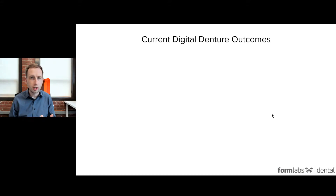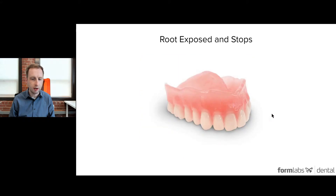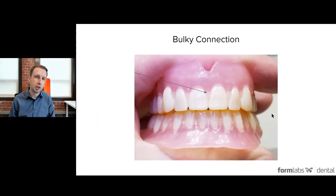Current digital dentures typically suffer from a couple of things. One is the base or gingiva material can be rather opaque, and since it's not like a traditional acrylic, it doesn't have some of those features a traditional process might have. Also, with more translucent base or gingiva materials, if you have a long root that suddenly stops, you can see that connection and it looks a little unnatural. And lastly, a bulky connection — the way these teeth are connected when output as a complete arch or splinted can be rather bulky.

────

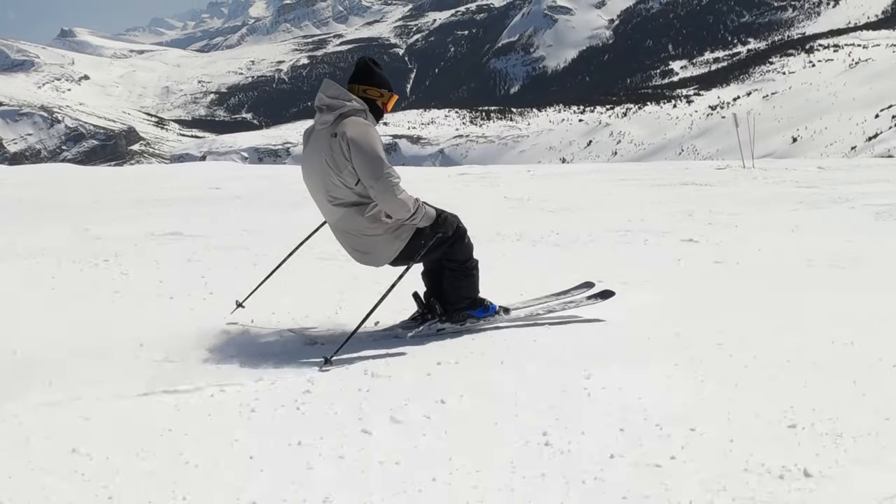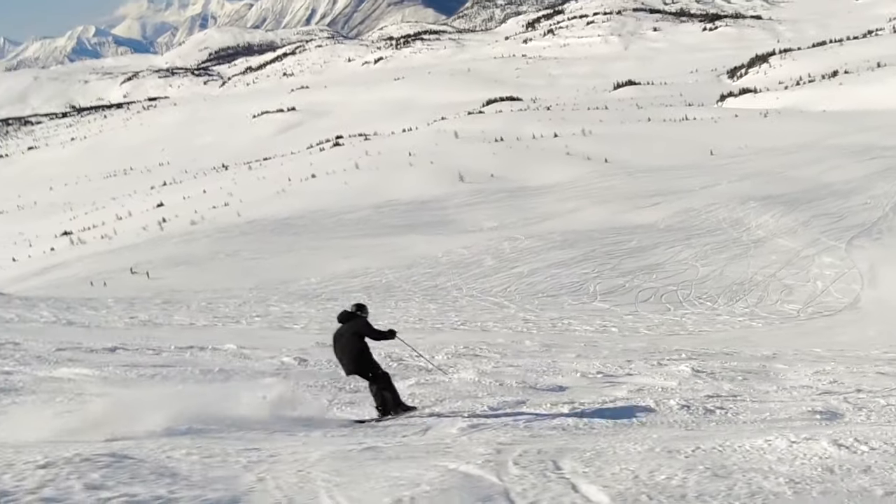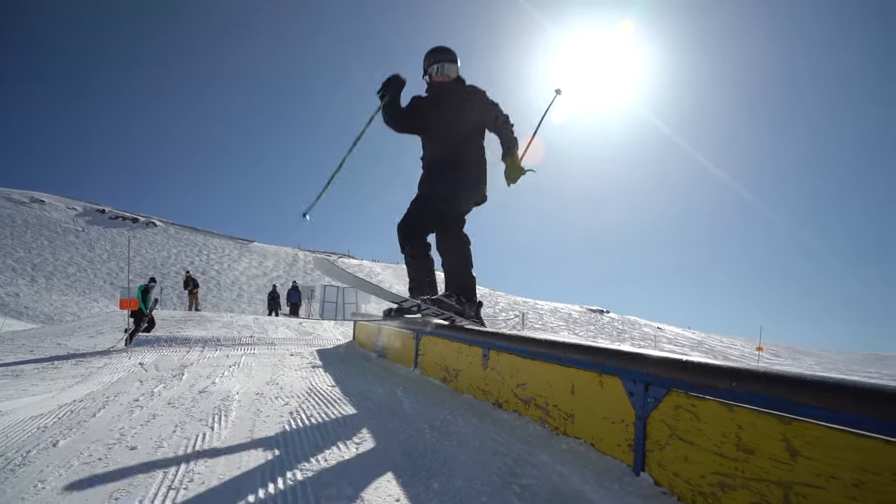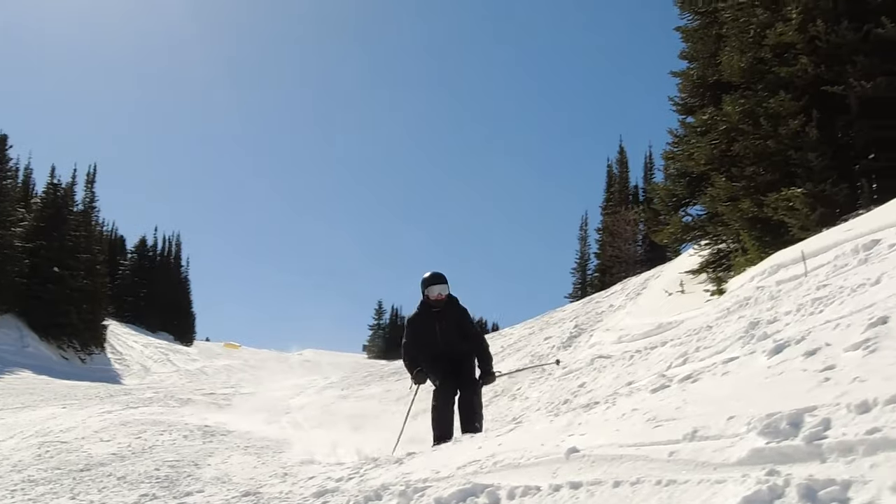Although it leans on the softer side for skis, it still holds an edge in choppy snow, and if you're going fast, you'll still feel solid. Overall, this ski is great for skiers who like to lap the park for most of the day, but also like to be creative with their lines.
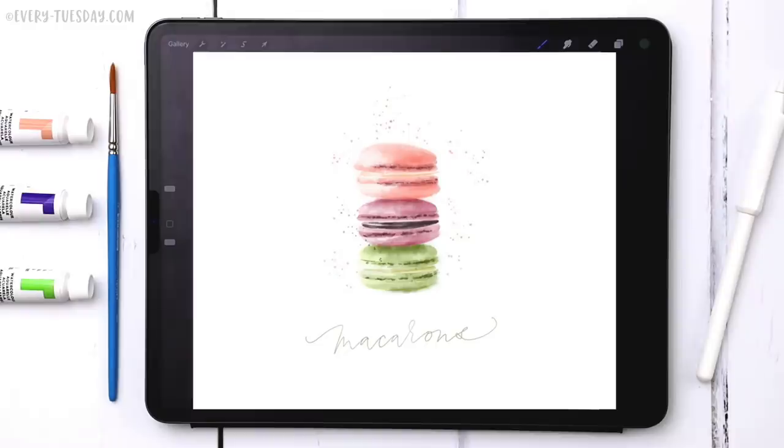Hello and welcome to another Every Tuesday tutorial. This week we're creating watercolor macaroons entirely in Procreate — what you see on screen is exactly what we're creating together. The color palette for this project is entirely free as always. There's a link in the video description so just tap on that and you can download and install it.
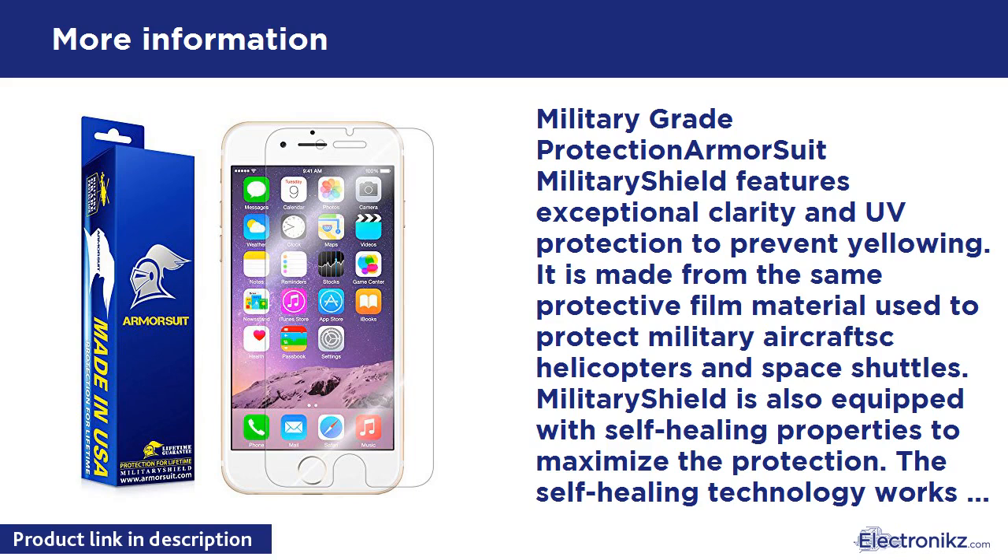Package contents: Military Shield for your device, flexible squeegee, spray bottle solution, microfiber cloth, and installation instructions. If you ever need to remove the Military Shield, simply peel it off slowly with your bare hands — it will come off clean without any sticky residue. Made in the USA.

────

Return word for word the lines of the listing above, starting at the line with "Hello and welcome" and ending at the line with "Package contents: Military", both included. Pictures do not belong in the copy.

Problem solution
Hello and welcome to another Every Tuesday tutorial. This week we're creating watercolor macaroons entirely in Procreate — what you see on screen is exactly what we're creating together. The color palette for this project is entirely free as always. There's a link in the video description so just tap on that and you can download and install it.
Package contents: Military Shield for your device, flexible squeegee, spray bottle solution, microfiber cloth, and installation instructions. If you ever need to remove the Military Shield, simply peel it off slowly with your bare hands — it will come off clean without any sticky residue. Made in the USA.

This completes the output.